**What the task requires**
What are the lines, word for word, from the line with "Чай с кокосовой стружкой" up to and including the line with "China industrial sewing" in the records below? Omit the pictures.

**Input data**
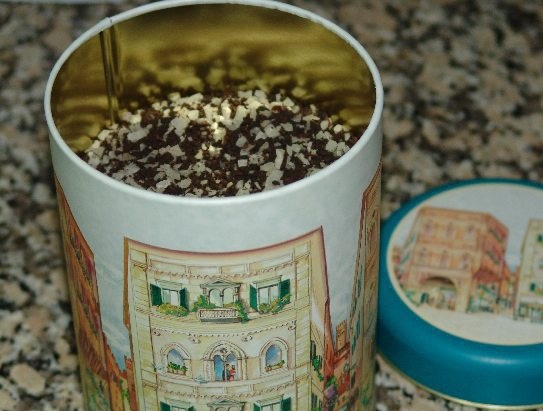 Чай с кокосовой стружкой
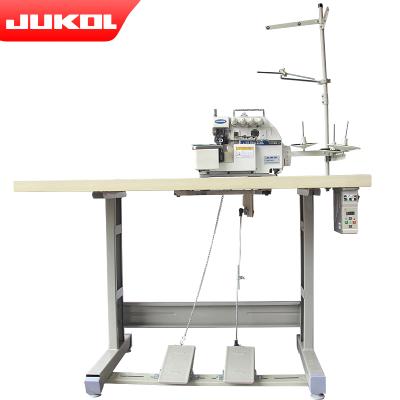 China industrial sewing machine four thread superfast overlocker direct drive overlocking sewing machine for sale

---

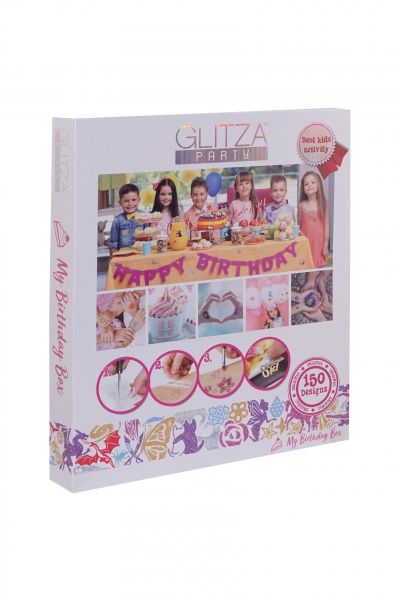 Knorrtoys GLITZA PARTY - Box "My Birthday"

**Response**
 Чай с кокосовой стружкой
 China industrial sewing machine four thread superfast overlocker direct drive overlocking sewing machine for sale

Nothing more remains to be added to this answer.